[Data excerpts]
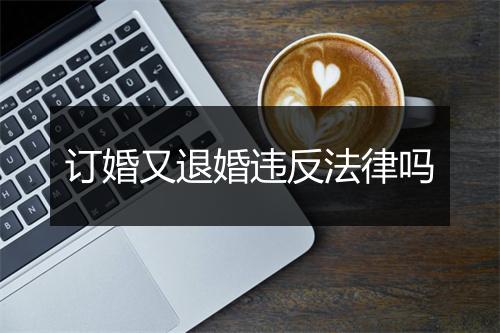 订婚又退婚违反法律吗
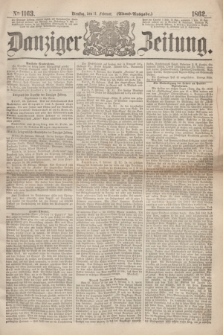Danziger Zeitung. 1862, № 1163 (11 Februar) - (Abend=Ausgabe.)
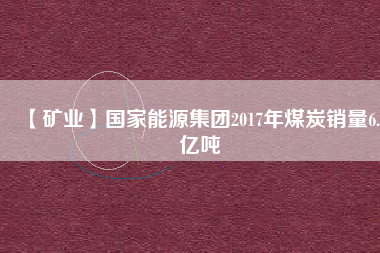 【礦業(yè)】國(guó)家能源集團(tuán)2017年煤炭銷量6.5億噸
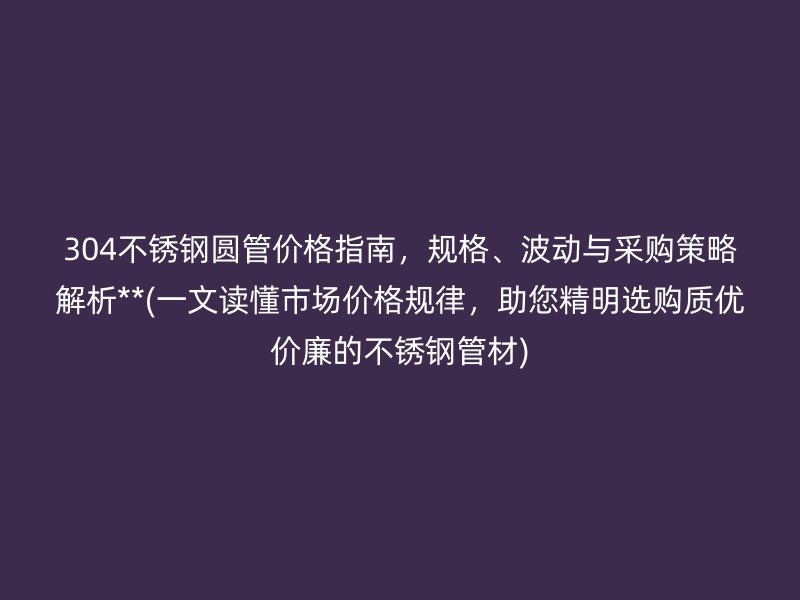304荣耀足球官网圆管价格指南，规格、波动与采购策略解析**(一文读懂市场价格规律，助您精明选购质优价廉的荣耀足球官网管材)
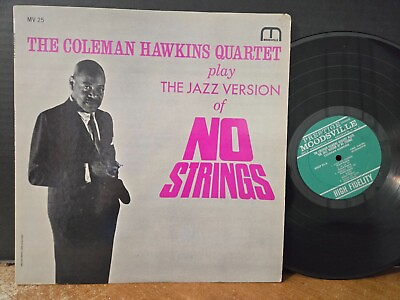 #ad Coleman Hawkins Quartet Play The Jazz Version Of No Strings 1962 Moodsville Mono
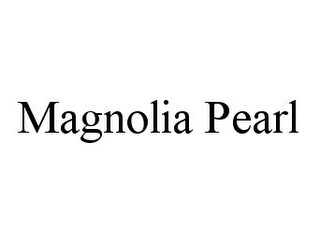 MAGNOLIA PEARL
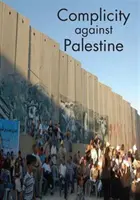 Bűnrészesség Palesztina ellen - Complicity Against Palestine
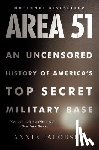 Jacobsen, Annie - Area 51: An Uncensored History of America's Top Secret Military Base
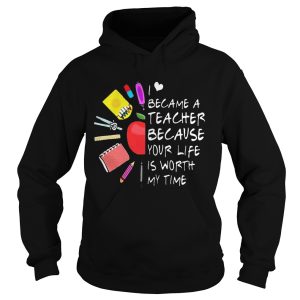 Became A Teacher Because Your Life Is Worth My Time Teacher Supplies Flower Shirt 2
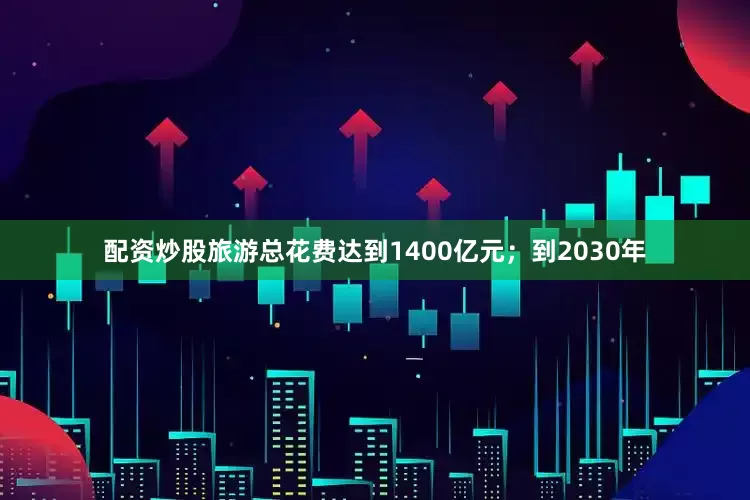 配资炒股旅游总花费达到1400亿元；到2030年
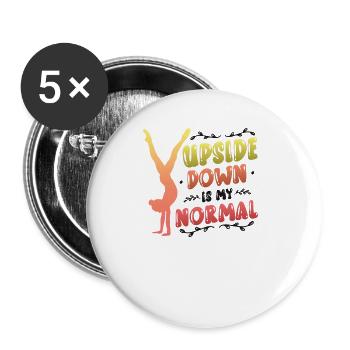 Upside Down Is My Normal, Girls Handstand - Buttons groß 56 mm (5er Pack) - Weiß - Vorne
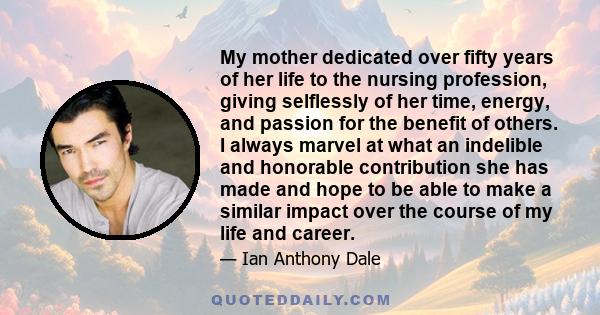 My mother dedicated over fifty years of her life to the nursing profession, giving selflessly of her time, energy, and passion for the benefit of others. I always marvel at what an indelible and honorable contribution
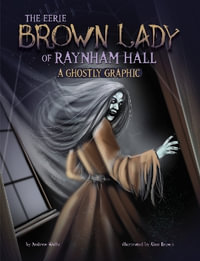 The Eerie Brown Lady of Raynham Hall : A Ghostly Graphic - Andrew Wolfe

■ TASK DIRECTIONS:
Without carrying over any picture, retype the records above word for word.

■ ANSWER:
 订婚又退婚违反法律吗
Danziger Zeitung. 1862, № 1163 (11 Februar) - (Abend=Ausgabe.)
 【礦業(yè)】國(guó)家能源集團(tuán)2017年煤炭銷量6.5億噸
304荣耀足球官网圆管价格指南，规格、波动与采购策略解析**(一文读懂市场价格规律，助您精明选购质优价廉的荣耀足球官网管材)
 #ad Coleman Hawkins Quartet Play The Jazz Version Of No Strings 1962 Moodsville Mono
 MAGNOLIA PEARL
 Bűnrészesség Palesztina ellen - Complicity Against Palestine
 Jacobsen, Annie - Area 51: An Uncensored History of America's Top Secret Military Base
 Became A Teacher Because Your Life Is Worth My Time Teacher Supplies Flower Shirt 2
 配资炒股旅游总花费达到1400亿元；到2030年
 Upside Down Is My Normal, Girls Handstand - Buttons groß 56 mm (5er Pack) - Weiß - Vorne
 My mother dedicated over fifty years of her life to the nursing profession, giving selflessly of her time, energy, and passion for the benefit of others. I always marvel at what an indelible and honorable contribution
 The Eerie Brown Lady of Raynham Hall : A Ghostly Graphic - Andrew Wolfe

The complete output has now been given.